Tenshō Iga War (天正伊賀の乱, Tenshō Iga no Ran) is the collective name for the conflicts between the Iga ikki and the Oda clan during the Sengoku period. The province was conquered by Oda Nobunaga in 1581 after an unsuccessful attempt in 1579 by his son Oda Nobukatsu. The third insurrection occurred in June 1582, after Oda Nobunaga's deaths during the Honnoji Incident.

The names of the wars are derived from the Tenshō era name (1573-1592) in which they occurred. Other names for the campaign include "The Attack on Iga" (伊賀攻め, Iga-zeme) or "Pacification of Iga" (伊賀平定, Iga Heitei).

==Background==
Geographically, the Iga region was surrounded by mountains on all sides that could be passed through only via narrow pathways. This, plus the distance of the region from major transportation routes, meant that Iga was easily defendable by a relatively small number of men and was not a priority target for outside forces. The Niki clan had served as shugo of the province for the Ashikaga shogunate, but their control had never been strong and soon weakened further as the shōgun's authority diminished. No great warlord rose to take their place, although the Rokkaku to the north and the Kitabatake to the east extended their influence over parts of the province. Instead, as also happened in some neighboring areas, the province came to be controlled by a league (ikki) of the numerous local warrior clans (jizamurai) which had formed to defend the area's independence from outside military forces. The earliest details of the league are unknown, but by the mid-16th century it had been formalized as an organization known as the "league of all the commons of Iga" (伊賀惣国一揆, Iga Sōkoku Ikki), or Iga ikki.
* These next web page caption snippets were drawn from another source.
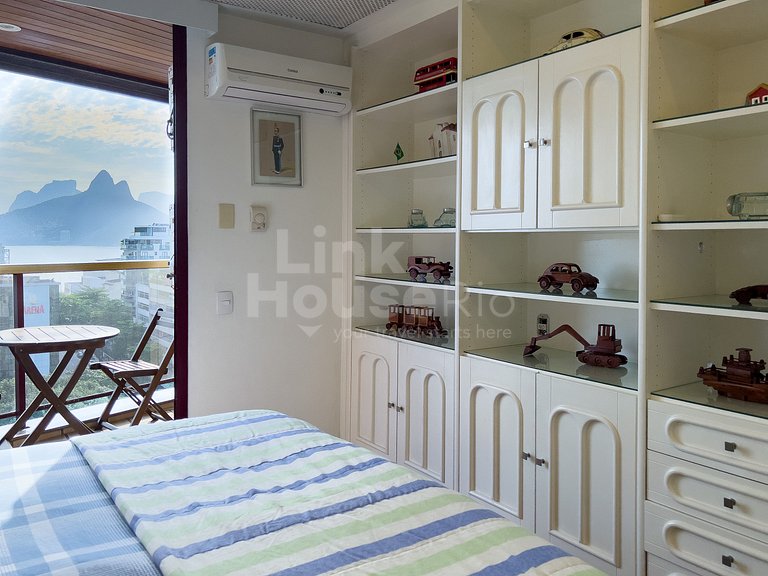 Your VIP cabin at Ipanema sunset A1-009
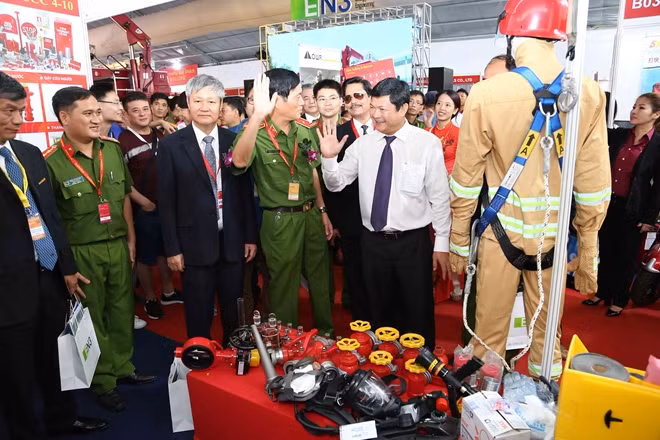 Thiếu tướng Đoàn Việt Mạnh, Cục trưởng Cục Cảnh sát PCCC và CNCH tại triển lãm quốc tế, kỹ thuật... năm 2017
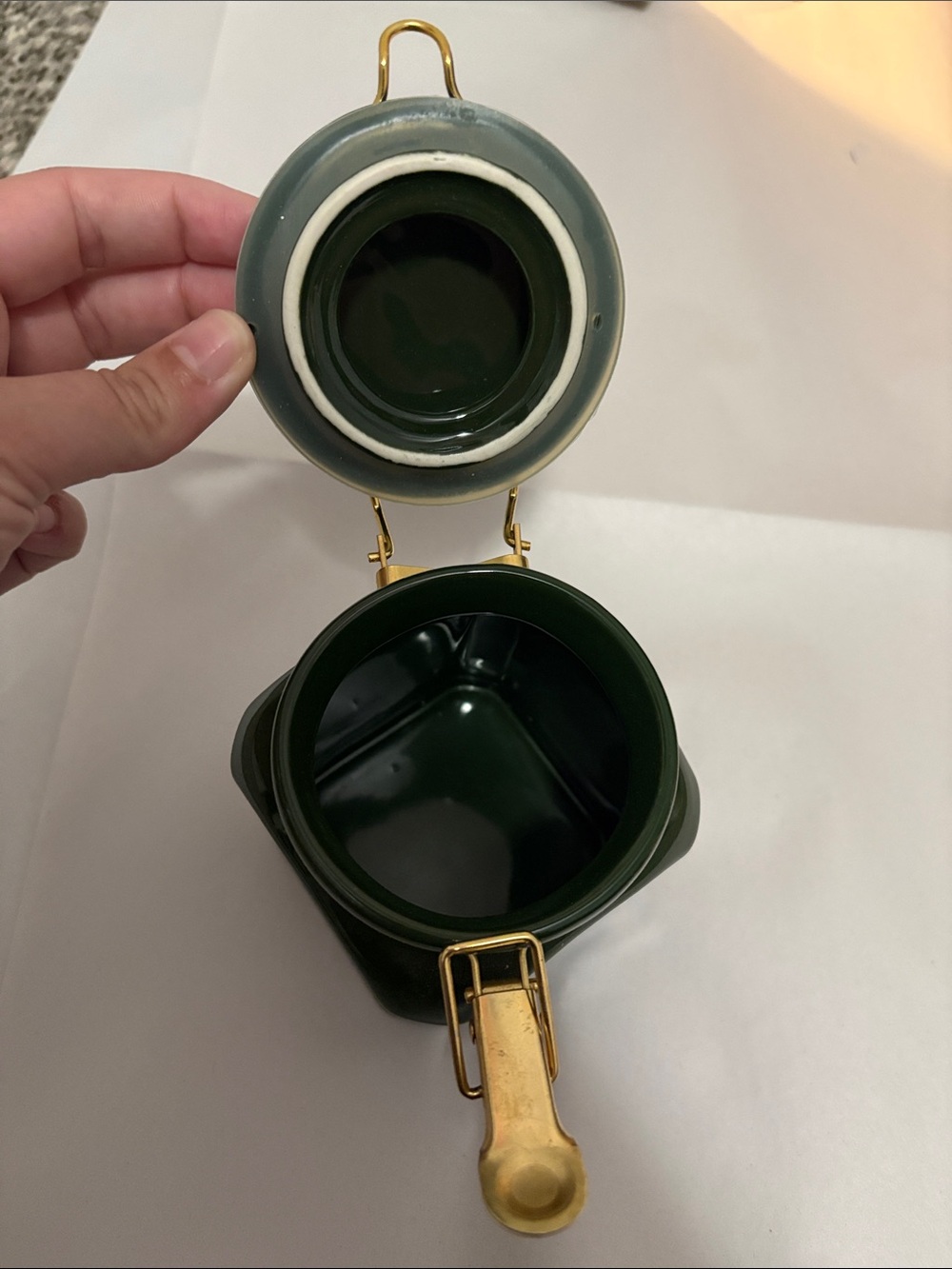Harrods Knightsbridge ceramic tea container - Picture 5 of 5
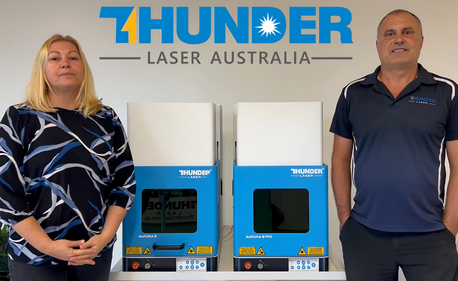 Aurora Lite Review: Mr. and Mrs. Travis in Australia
Following the Battle of Okehazama in 1560, Oda Nobunaga of Owari province began his rise as a prominent daimyō of central Japan, rapidly expanding his territory. In 1567 he began his invasion of Ise province, which was then largely under the control of the Kitabatake clan. He slowly caused the Kitabatake vassals to switch to his side, and forced Kitabatake Tomofusa, the head of the clan, to sue for peace following the Battle of Okawachi Castle in 1569. As part of the peace agreement, Tomofusa adopted Nobunaga's son Nobukatsu as his heir, ceding much of his authority to the Oda. In December 1576 Nobunaga and Nobukatsu assassinated most of the remaining Kitabatake leadership (the Mise Incident), cementing their control of Ise.

==First Tenshō Iga War (1579)==

The young Nobukatsu, who now had control over Ise, decided to expand his domain to include Iga as well. In March 1578, Kai Shimoyama, a former minor Kitabatake vassal from Iga, visited Nobukatsu at his residence in Matsugashima and urged him to invade Iga, listing misdeeds being committed there. These included the expulsion of Niki Yubai, the nominal shugo of Iga, in June of the previous year. Tempted at the possibility of adding Iga to his domain, Nobukatsu dispatched Takigawa Kazumasu to build a castle at Maruyama in Iga to serve as a staging point for the campaign.

Alerted of Nobukatsu's intentions by the construction of the castle, warriors from Iga decided to attack before it had been completed. They attacked Maruyama Castle in broad daylight on November 24, 1578. Taken completely by surprise, Takigawa was forced to withdraw from the castle, which the Iga forces then burned. He reassembled the remnants of his forces at nearby Tsuzumigamine but was again defeated and retreated back to Ise.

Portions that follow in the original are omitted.